VANESSA FRIEDMAN: Decoding Krysten Sinema's style
Posted October 23, 2021 6:47 a.m. EDT
Updated October 23, 2021 7:29 a.m. EDT
EDITOR'S NOTE: Vanessa Friedman is The New York Times's fashion director and chief fashion critic. She was previously the fashion editor of the Financial Times.
Sen. Kyrsten Sinema may have been in Europe recently on a fundraising trip and out of reach of the activists who have dogged her footsteps, frustrated with her obstruction of President Joe Biden’s social spending bill. But despite the fact that her office has been keeping her itinerary under wraps, were those protesters able to follow her overseas, there’s a good chance they would be able to find her.
Not just because of her political theater. Ever since she was first sworn in to the Arizona House of Representatives in 2005, Sinema has stood out in a crowd. And as her legislative demands take center stage (along with those of Sen. Joe Manchin, D-W.Va., the other Biden Bill holdout) her history of idiosyncratic outfits has taken on a new cast.
As Tammy Haddad, former MSNBC political director and co-founder of the White House Correspondents Weekend Insider, said of the senator, “If the other members of Congress had paid any attention to her clothing at all, they would have known she wasn’t going to just follow the party line.”
The senior senator from Arizona — the first woman to represent Arizona in the Senate, the first Democrat elected to that body from that state since 1995 and the first openly bisexual senator — has never hidden her identity as a maverick. In fact, she’s advertised it. Pretty much every day.
Indeed, it was back in 2013, when she was first sworn in to the House, that Elle crowned Sinema “America’s Most Colorful Congresswoman.” Since she joined the Senate, she has merely been further embracing that term. Often literally.
Notice was served at her swearing-in Jan. 3, 2019, when Sinema seemed to be channeling Marilyn Monroe in platinum blond curls, a white sleeveless pearl-trimmed top, rose-print pencil skirt and stiletto heels: She was never going to revert to pantsuit-wearing banality.

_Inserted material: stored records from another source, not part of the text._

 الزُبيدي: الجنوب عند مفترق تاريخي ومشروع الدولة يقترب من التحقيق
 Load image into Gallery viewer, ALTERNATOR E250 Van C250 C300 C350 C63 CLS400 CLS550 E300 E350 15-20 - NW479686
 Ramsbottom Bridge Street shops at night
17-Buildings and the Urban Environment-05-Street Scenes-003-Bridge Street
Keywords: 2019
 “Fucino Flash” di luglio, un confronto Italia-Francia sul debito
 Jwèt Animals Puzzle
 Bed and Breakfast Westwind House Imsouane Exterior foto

Instead, she swept in as a white-cape-dressed crusader for Donald Trump’s first impeachment trial, in January 2020. She modeled a variety of Easter egg-colored wigs — lavender, pink, green — to demonstrate, her spokeswoman Hannah Hurley told The Arizona Republic in May of last year, a commitment to “social distancing in accordance with best practices, including from salons.” (Hurley specified that the wig cost $12.99.) Sported pompom earrings, a variety of animal prints, neoprene and assorted thigh-high boots. And presided over the Senate on Feb. 23 of this year while wearing a hot pink sweater with the words “Dangerous Creature” on the front, prompting Mitt Romney to tell her she was “breaking the internet.”
Her reply: “Good.”
To dismiss that as a stunt rather than a foreshadowing is to give Sinema less credit than she is due.

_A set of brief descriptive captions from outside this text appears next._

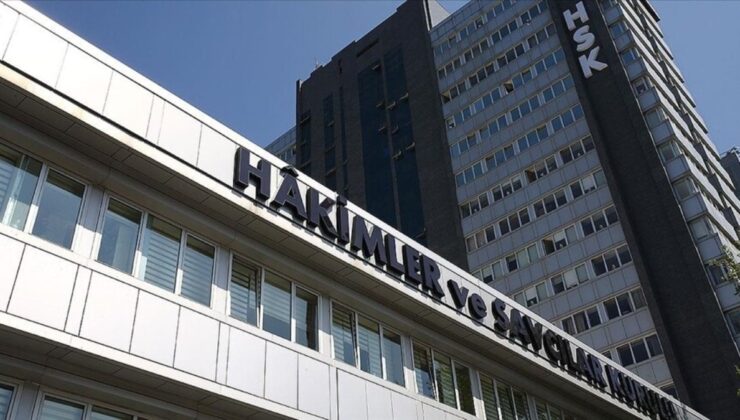 11 cumhuriyet savcısı adayı ile 3 hakim adayının ataması yapıldı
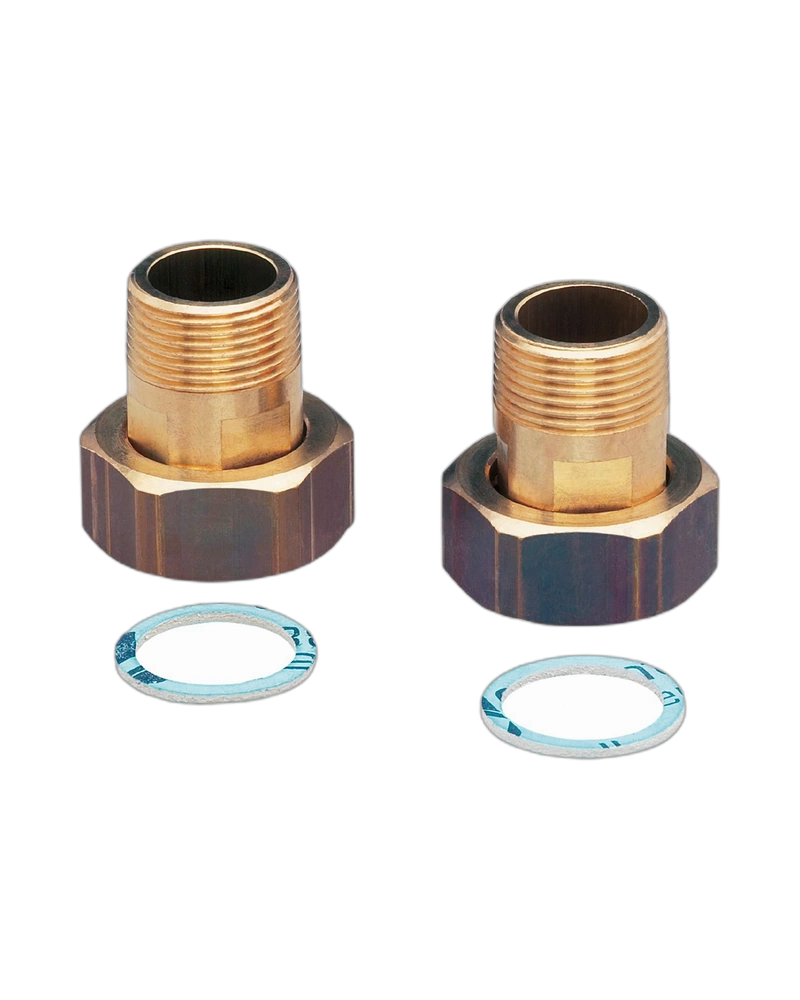 E40153 - Mounting adapter for flow sensors - ADAPTER G1-R3/4/MS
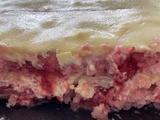 Tiramisu aux fraises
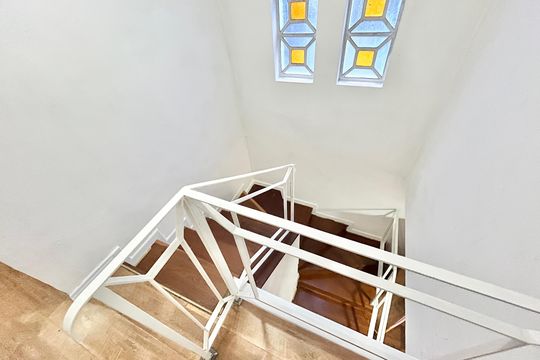 Escada de casa à venda com 4 quartos, 189m² em Casa Verde Alta, São Paulo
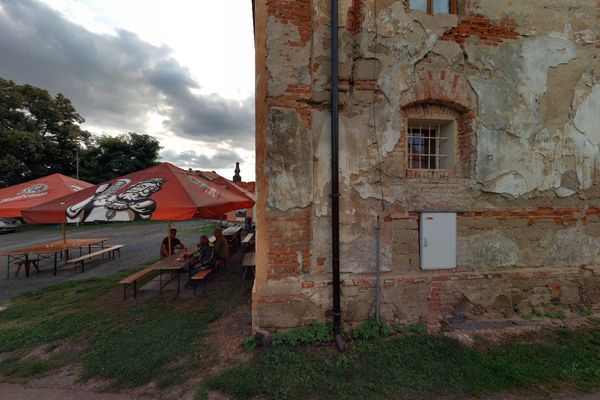 Hostinec Na zámku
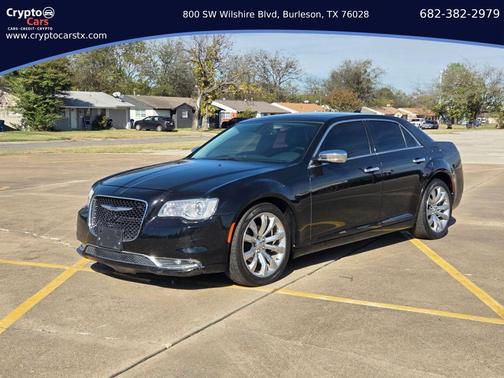 2020 Chrysler 300 Limited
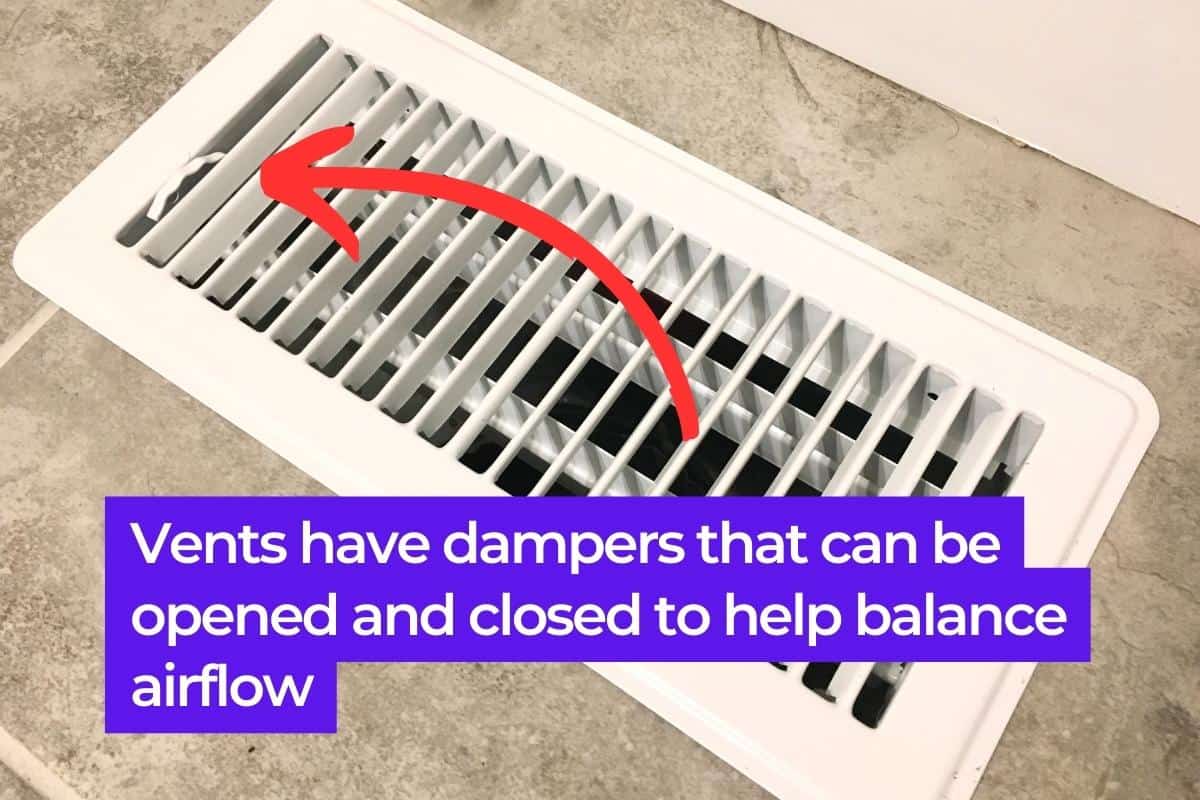What Temperature Should Air Be Coming Out of Vent When Heating? 4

“She’s saying, ‘I can wear what I want and say what I think is important, and I’m going to have a lot of impact doing it,’” Haddad said. “She is unencumbered by the norms of the institution.”
Lauren A. Rothman, an image and style accountability coach in Washington who has been working with members of Congress for 20 years, said it’s part of a growing realization among politicians that “you are communicating at all times, because a clip on social media can be even more meaningful than something on national TV.” And that means “thinking at all times about what story you are telling with your nonverbal tools, which means your style.”

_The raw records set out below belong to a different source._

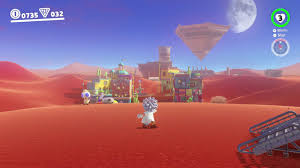 Super Mario Odyssey Wooded Kingdom Moon 50 Found With Wooded Kingdom Art Youtube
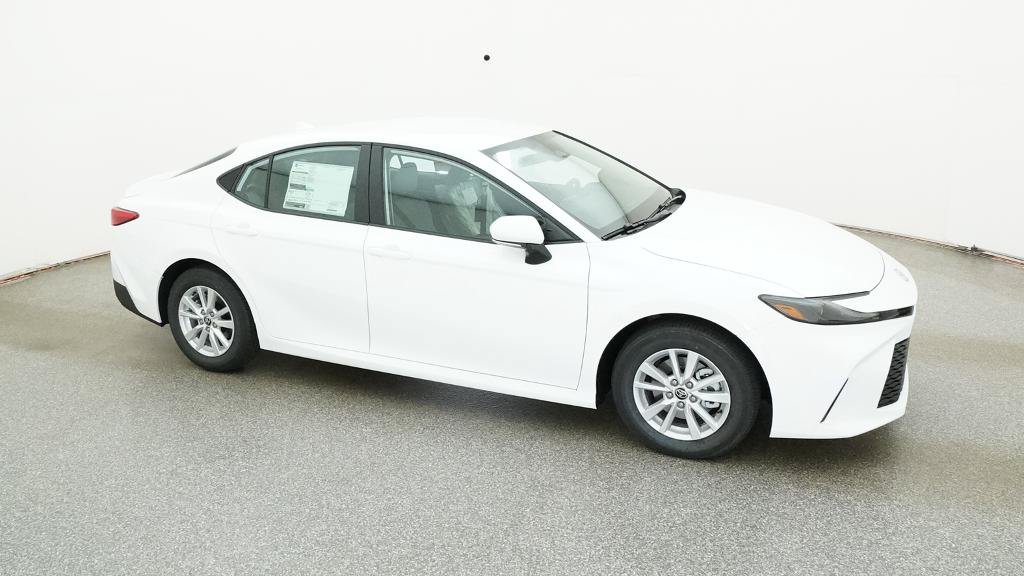 New 2026 Toyota Camry LE FWD image 15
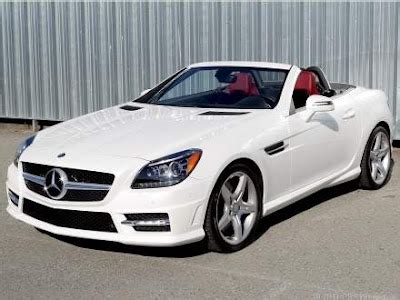 2012 Mercedes Benz SLK350 Convertible Review ~ Mercedes Benz Database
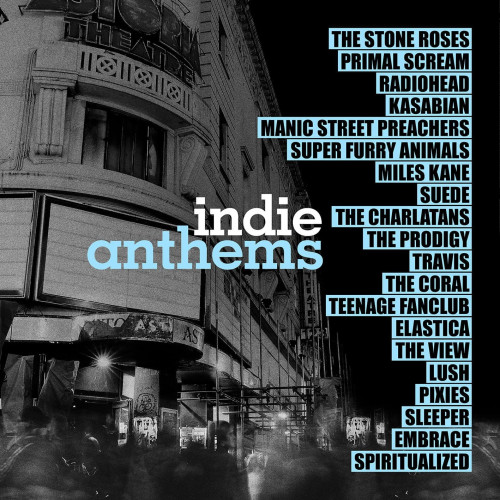 Вініловий диск V/A: Indie Anthems -Hq (180g) /2LP
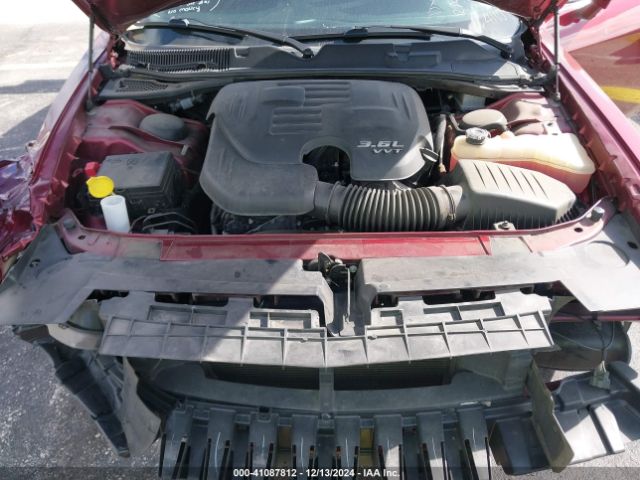 2C3CDZJG5MH665225 Dodge Challenger Gt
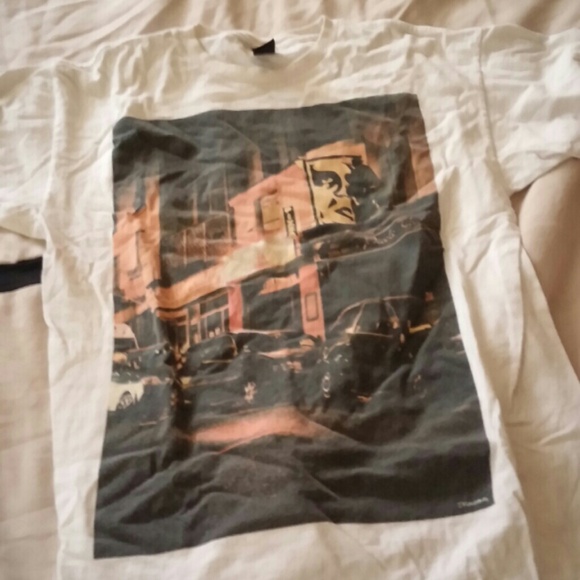 MENS OBEY TSHIRT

As Washington has begun to realize. Conversation with various insiders and Congressologists offered theories on the wardrobe that suggested it was either sleight of hand, meant to distract from Sinema’s journey from progressive to moderate to possibly Republican-leaning; or meant to offer reassurance to her former progressive supporters that she wasn’t actually part of the conservative establishment.
Richard Ford, a professor at Stanford Law School and the author of “Dress Codes: How the Laws of Fashion Made History,” said he thought her image was designed to telegraph: “I’m a freethinker, my own person, not going along with convention, so even though I’m a part of the Democratic Party I am representing your interests, not theirs.” (As it happens, Sinema is featured in the book as an example of a woman “unapologetically” bringing a more feminine approach to dress to “the halls of power.”)
Whatever the interpretation, no one expressed any doubt that she knew exactly what she was doing. To pay attention is simply to acknowledge what Haddad called “a branding exercise” being done “at the highest level.” Either way, the senator’s office did not respond to emails on the subject.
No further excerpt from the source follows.